START Entries shown

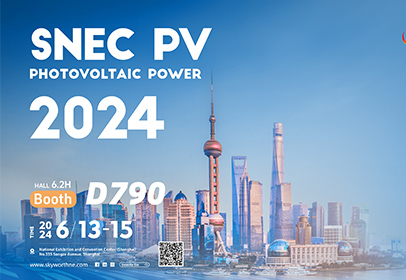 2024 SNEC (2024) PV POWER EXPO Werbebanner, das die Zeit, den Ort und die Standnummer der Ausstellung angibt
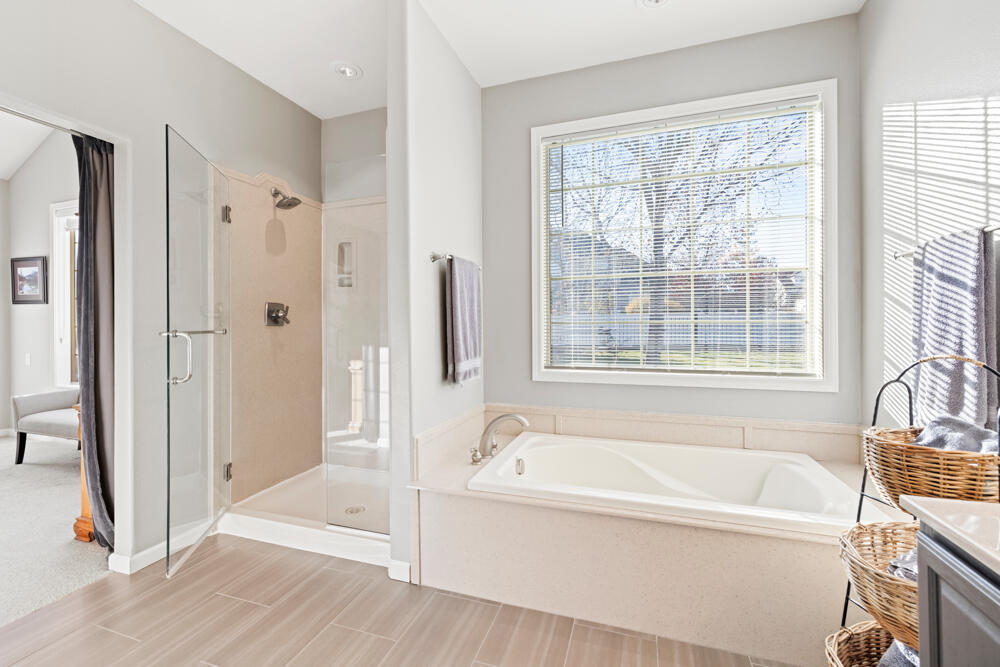 Klamath Falls, Oregon, 97601, United States, 3 Bedrooms Bedrooms, ,3 BathroomsBathrooms,Residential,For Sale,1848515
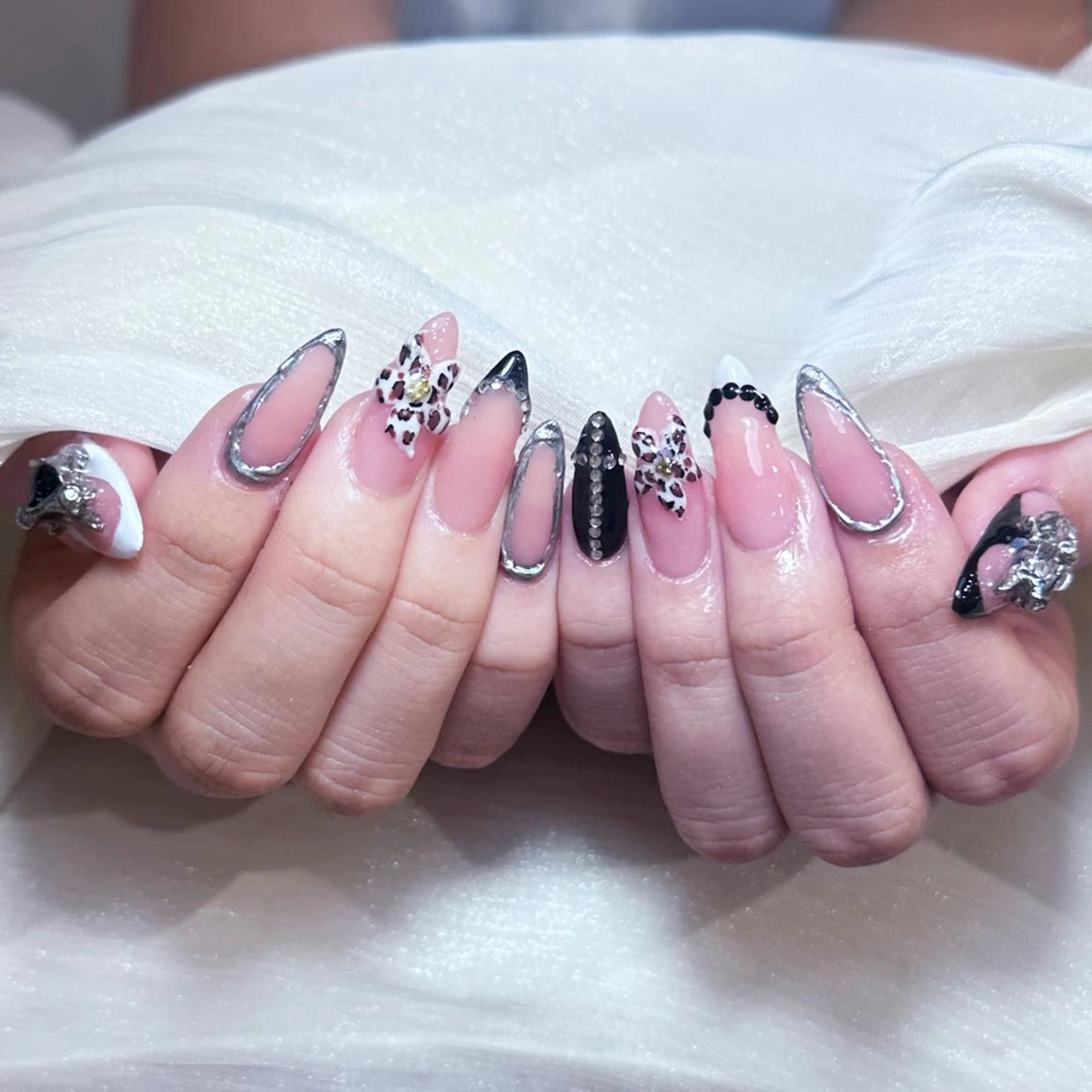 ネイル アートネイル オーロラネイル ガーリー キラキラネイル マグネットネイル ハンドネイル DIAMOND 💦のネイルデザイン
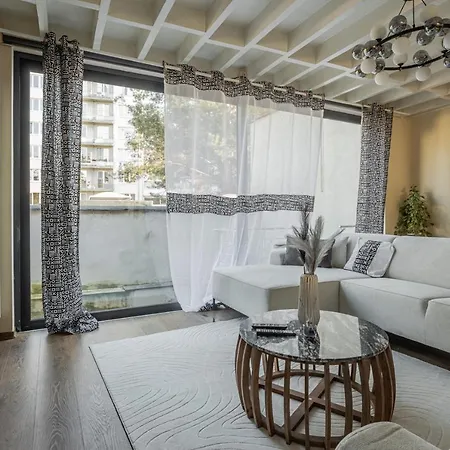 וילה Kweni House *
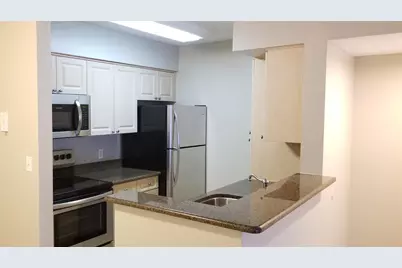 2846 S University Drive #4205, Davie, FL 33328 - Photo 3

END Entries shown

▶ What to do
Please write the data out again exactly, but do not carry over the pictures.

▶ Solution for this exercise
 2024 SNEC (2024) PV POWER EXPO Werbebanner, das die Zeit, den Ort und die Standnummer der Ausstellung angibt
 Klamath Falls, Oregon, 97601, United States, 3 Bedrooms Bedrooms, ,3 BathroomsBathrooms,Residential,For Sale,1848515
 ネイル アートネイル オーロラネイル ガーリー キラキラネイル マグネットネイル ハンドネイル DIAMOND 💦のネイルデザイン
 וילה Kweni House *
 2846 S University Drive #4205, Davie, FL 33328 - Photo 3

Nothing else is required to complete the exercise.